“Thunder Road” (Bruce Springsteen)

Today’s classic song of the day is Bruce Springsteen’s “Thunder Road.” Never released as a single, “Thunder Road” was the lead cut (track one, side one) on Springsteen’s legendary Born to Run album. That album, released in late August of 1975, peaked at #3 on Billboard’s Top LPs and Tape chart and went on to sell more than 7 million copies in the U.S. alone.

“Thunder Road” is a song about being young and feeling trapped and wanting to escape from it all. It is a magnificent composition and and equally magnificent recording. The sound, like everything on the Born to Run album, is Spectoresque, with layers and layers of instruments—guitars, keyboards, organ, celeste, harmonica, held together by Roy Bittan’s elegant piano and Clarence Clemon’s plaintive saxophone wailing, topped off by the thundering drums of Mighty Max Weinberg. (Love that descending triplet fill leading into the out chorus.) Jimmy Iovine did the engineering and Jon Landau did the producing, but the song is all Bruce at his brash, youthful best. It’s a song that picks you up and lifts you up and carries you to some place you’ve always wanted to go and someone you’ve always wanted to be.
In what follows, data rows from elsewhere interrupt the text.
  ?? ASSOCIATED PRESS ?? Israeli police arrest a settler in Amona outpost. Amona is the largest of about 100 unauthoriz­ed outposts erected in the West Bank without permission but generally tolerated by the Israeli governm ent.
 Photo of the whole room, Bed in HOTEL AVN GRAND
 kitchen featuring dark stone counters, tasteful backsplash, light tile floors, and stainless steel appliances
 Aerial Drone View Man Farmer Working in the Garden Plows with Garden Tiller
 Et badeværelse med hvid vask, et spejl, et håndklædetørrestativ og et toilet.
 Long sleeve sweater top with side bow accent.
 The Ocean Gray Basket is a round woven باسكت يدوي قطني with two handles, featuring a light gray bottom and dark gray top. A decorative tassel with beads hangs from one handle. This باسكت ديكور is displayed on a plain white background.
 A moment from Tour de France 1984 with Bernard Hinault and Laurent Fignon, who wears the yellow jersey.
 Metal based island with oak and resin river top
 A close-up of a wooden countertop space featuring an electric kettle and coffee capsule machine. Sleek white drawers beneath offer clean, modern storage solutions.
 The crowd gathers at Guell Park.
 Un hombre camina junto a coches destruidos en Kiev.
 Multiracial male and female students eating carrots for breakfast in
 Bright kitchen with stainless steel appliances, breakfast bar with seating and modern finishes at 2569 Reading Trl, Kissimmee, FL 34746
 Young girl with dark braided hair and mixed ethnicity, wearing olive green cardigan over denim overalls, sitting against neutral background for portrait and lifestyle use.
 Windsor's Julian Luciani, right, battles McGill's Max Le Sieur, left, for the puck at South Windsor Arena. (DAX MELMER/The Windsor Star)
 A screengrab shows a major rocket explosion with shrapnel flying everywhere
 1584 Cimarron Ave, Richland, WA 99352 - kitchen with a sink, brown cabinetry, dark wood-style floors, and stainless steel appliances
The lyrics tell a story that pulled my strings when I was younger and desperately seeking something, anything more than what there was at that point in my life:

You can hide ‘neath your covers and study your pain
Make crosses from your lovers, throw roses in the rain
Waste your summer praying in vain
For a savior to rise from these streets

Well now, I’m no hero, that’s understood
All the redemption I can offer, girl, is beneath this dirty hood
With a chance to make it good somehow
Hey, what else can we do now?

Except roll down the window
And let the wind blow back your hair
Well, the night’s busting open
These two lanes will take us anywhere
We got one last chance to make it real
To trade in these wings on some wheels
Climb in back, heaven’s waiting down on the tracks

Oh, come take my hand
We’re riding out tonight to case the promised land
Oh, Thunder Road, oh, Thunder Road
Oh, Thunder Road

By the way, while some people (including Springsteen himself, apparently) seem to think that the first line of the song goes “The screen door slams, Mary’s dress sways,” on the original recording he actually sings “Mary’s dress waves.” That’s also the lyric printed on the album cover, and that’s the way I’ve always heard it. Go ahead, argue with me.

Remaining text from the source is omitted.